### AVAILABLE DATA
* * * * * * *

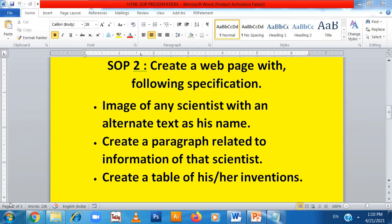We are doing SOP2 of HTML, Skillset 2 of FYJC HTML5. In SOP2, we need to create a web page with the following specifications. First, there has to be an image of any scientist — here we will use the image of Albert Einstein — along with an alternate text as his name. The concept of alternate text is such that when you take the cursor on the image, the name should appear. Then we need to create a paragraph related to information of that scientist, with a paragraph tag containing the scientist's information.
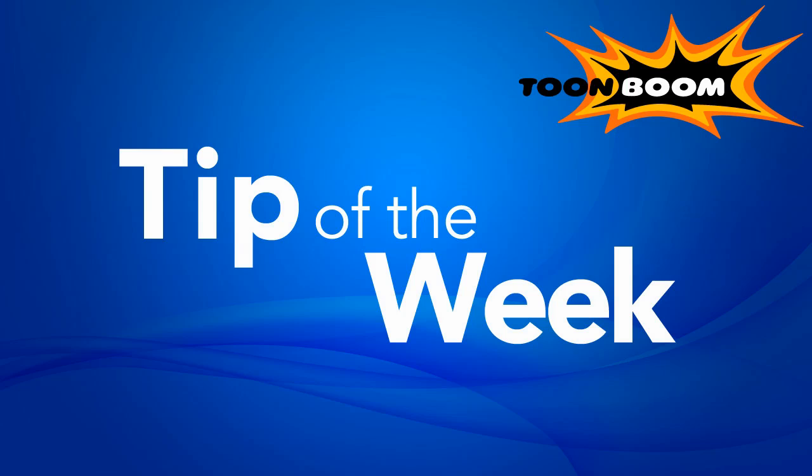Hello everyone and welcome to another episode of Tip of the Week. Hope you all had a wonderful Labor Day weekend for those of you who celebrate that particular holiday.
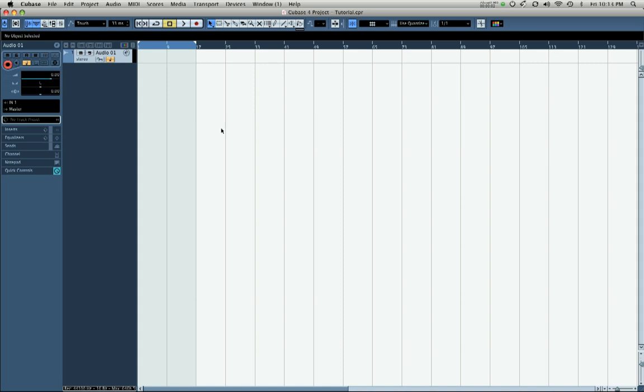This tutorial is on key commands in Cubase 4. Key commands is what Cubase refers to keyboard shortcuts as, and keyboard shortcuts are an excellent way to dramatically improve your efficiency and speed when it comes to writing music.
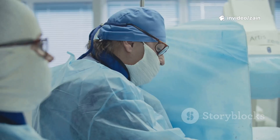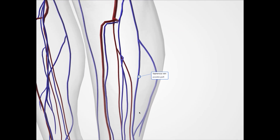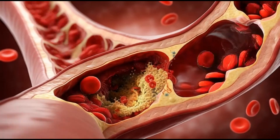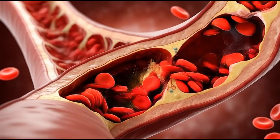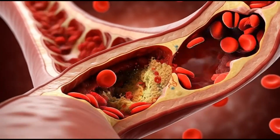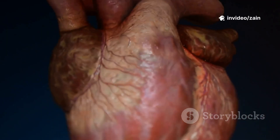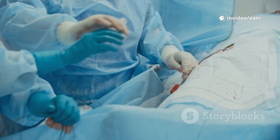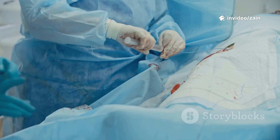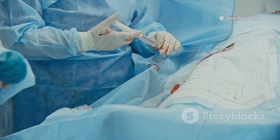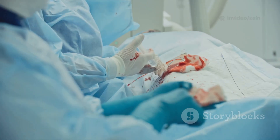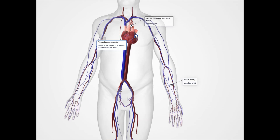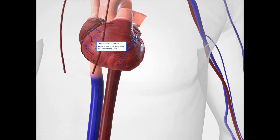During the procedure, surgeons use arteries and veins harvested from other parts of the body to bypass the narrowed or blocked sections of the coronary arteries, thereby restoring an adequate blood supply to the heart. CABG surgery frequently involves harvesting blood vessels from the chest, arm, or leg to be used as conduits in the bypass, followed by joining them to the coronary arteries.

* * * * * * *

### TASK DETAILS
In your answer, repeat the material above in full, exactly, and without its pictures.

### SOLUTION TO THE EXERCISE
We are doing SOP2 of HTML, Skillset 2 of FYJC HTML5. In SOP2, we need to create a web page with the following specifications. First, there has to be an image of any scientist — here we will use the image of Albert Einstein — along with an alternate text as his name. The concept of alternate text is such that when you take the cursor on the image, the name should appear. Then we need to create a paragraph related to information of that scientist, with a paragraph tag containing the scientist's information.
Hello everyone and welcome to another episode of Tip of the Week. Hope you all had a wonderful Labor Day weekend for those of you who celebrate that particular holiday.
This tutorial is on key commands in Cubase 4. Key commands is what Cubase refers to keyboard shortcuts as, and keyboard shortcuts are an excellent way to dramatically improve your efficiency and speed when it comes to writing music.
During the procedure, surgeons use arteries and veins harvested from other parts of the body to bypass the narrowed or blocked sections of the coronary arteries, thereby restoring an adequate blood supply to the heart. CABG surgery frequently involves harvesting blood vessels from the chest, arm, or leg to be used as conduits in the bypass, followed by joining them to the coronary arteries.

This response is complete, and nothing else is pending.